Establishment vested interests are denying the way the world really is


“The further we go along the path of business as usual, the more we are lost.”

James Lovelock

Most of us now seem to accept the fact that global warming is reality. We all have a vested interest in saying so, whether we believe it or not. We are seen by believers to be eccentric if we deny it.

But how about the fact that the economy is an energy system?

As a teenager in the 1950s, I was totally unaware of the reality of global warming. I first became aware of it in the late 1980s, when I went to Bradford to see an architect friend, John F C Turner, receive a Right Livelihood Reward, “for championing the rights of people to build, manage and sustain their own shelter and communities”.

Until then, I had assumed that the future would be an indefinite continuation of the way things were.

There is now a new emerging reality. That economic output is the product of surplus energy, after the energy cost of energy (ECoE) has been deducted.  In other words, the economy is an energy system.

Until recently, around the beginning of this century, this didn’t present us with a problem. The energy cost of producing the energy we use was relatively small. From now on, it will be an increasing problem, albeit not yet recognised as such.

An immediate consequence of our economic system being an energy system, is the fact that prosperity is in decline and has been for a decade.

Declining prosperity means that although our take-home pay may have increased, we can buy less than we used to. We have less disposable income. The powers-that-be are in denial about this and constantly tell us how we are better off.

An expected impact of ECoE is that, in the end, our capitalistic society will not survive as such.  Which is not a political statement. It is a future reality in a world which until now has depended on economic growth, albeit recently funded by borrowing.

Borrowing which assumed that debts will be repaid, from the proceeds of growth. But if prosperity is in decline there can be no growth. So, there can be no repayment of debts, which means there will be no borrowing.
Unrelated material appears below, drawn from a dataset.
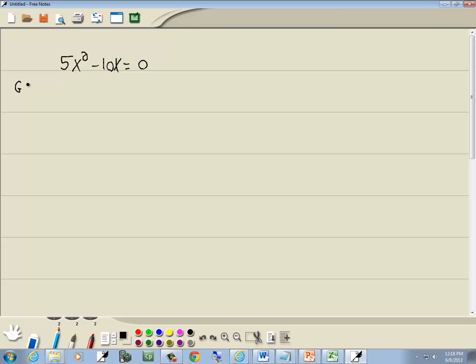Now this one, they have a GCF in common. They both have a 5 and they both have an x. So I'll factor that away and that leaves us x minus 2 equals zero.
Our economy is changing now.  From growth to no-growth. Which means that everything is changing.

No-growth is now the way things are.  Beneath our noses, our economic and social systems are changing. New ways are emerging, yet to be recognised as such.

There are some symptoms. In the UK declining public services can be attributed to the emerging new ways, albeit obscured by demographic trends.

Classical economists are unlikely to see the energy view of economics as reality. Their vested interest is in their kind of economics. Which is also true of the establishment, which understandably, is in a state of denial.

This is not to suggest that the energy view of economics has replaced the classical view. The two views exist alongside each other. Only one is real.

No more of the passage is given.